* Required work *
The material below has pictures in it. Set down only the lines from the line containing "메종 마르지엘라(Maison Margiela) 플리츠 타비 블록힐 펌프스 신발" through the line containing "Pink Lace Garter Set - Picture 11 of 16", word for word, and leave the pictures behind.

* Supplied records *

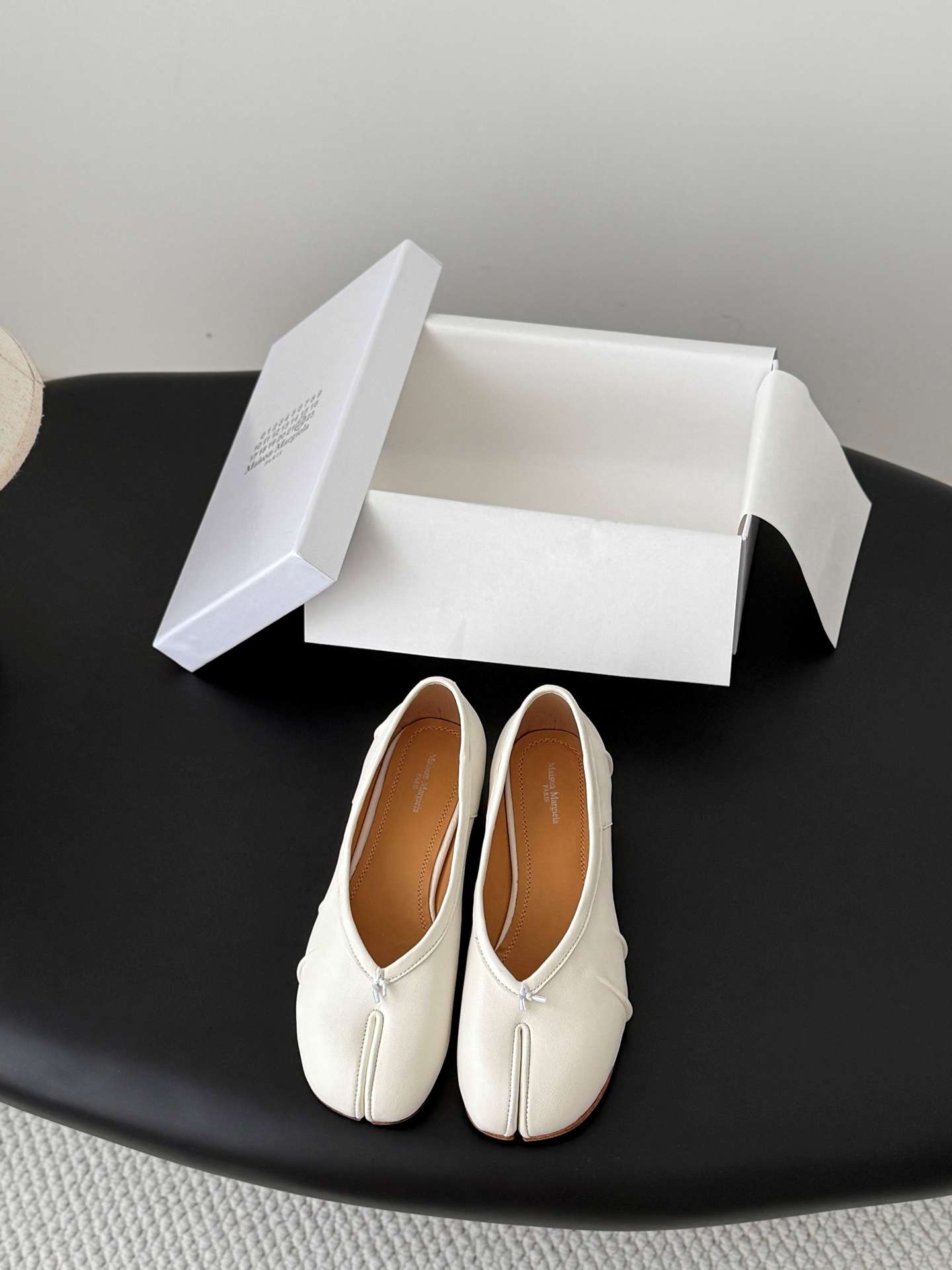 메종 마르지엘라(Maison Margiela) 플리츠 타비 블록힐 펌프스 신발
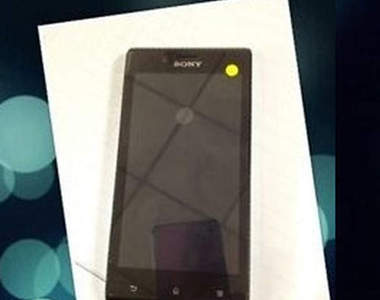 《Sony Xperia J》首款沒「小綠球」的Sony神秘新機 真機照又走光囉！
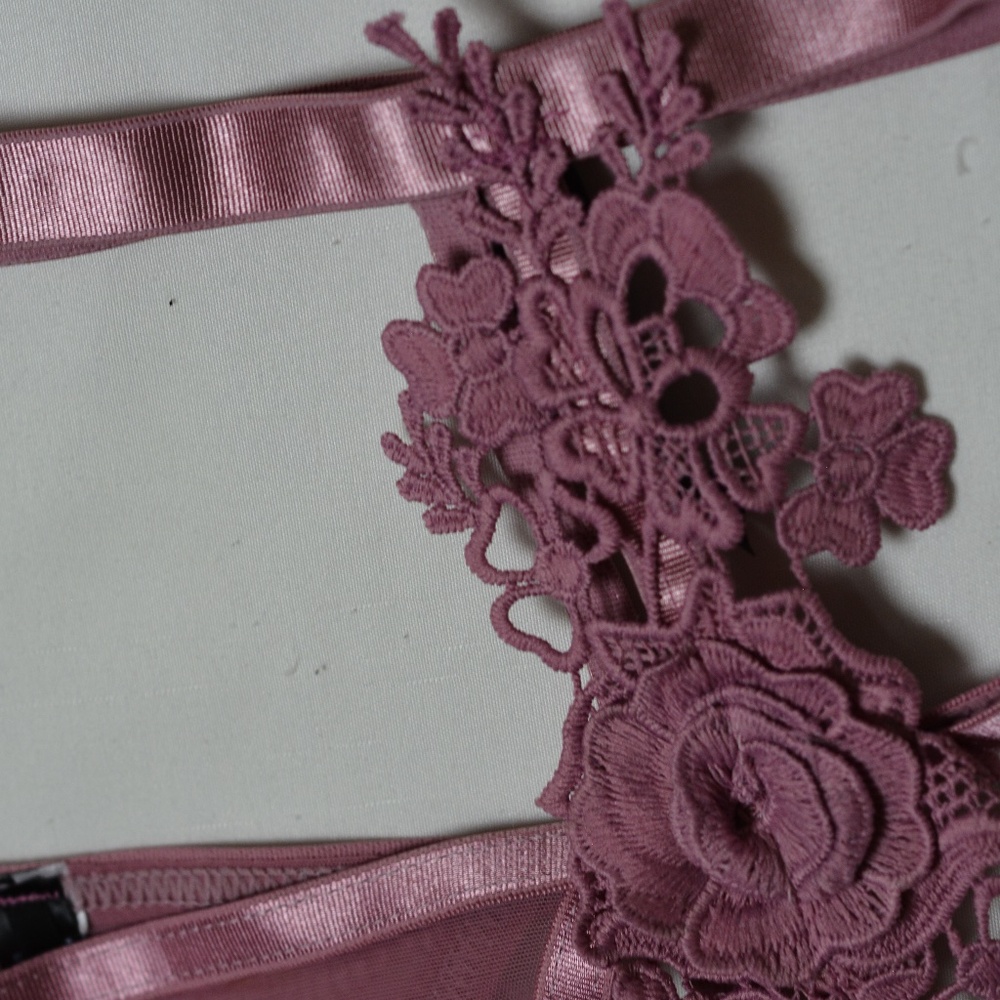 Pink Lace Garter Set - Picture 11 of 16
--
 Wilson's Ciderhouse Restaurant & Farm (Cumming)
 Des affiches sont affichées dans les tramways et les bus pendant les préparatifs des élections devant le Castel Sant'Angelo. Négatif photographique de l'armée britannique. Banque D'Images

* Result *
 메종 마르지엘라(Maison Margiela) 플리츠 타비 블록힐 펌프스 신발
 《Sony Xperia J》首款沒「小綠球」的Sony神秘新機 真機照又走光囉！
 Pink Lace Garter Set - Picture 11 of 16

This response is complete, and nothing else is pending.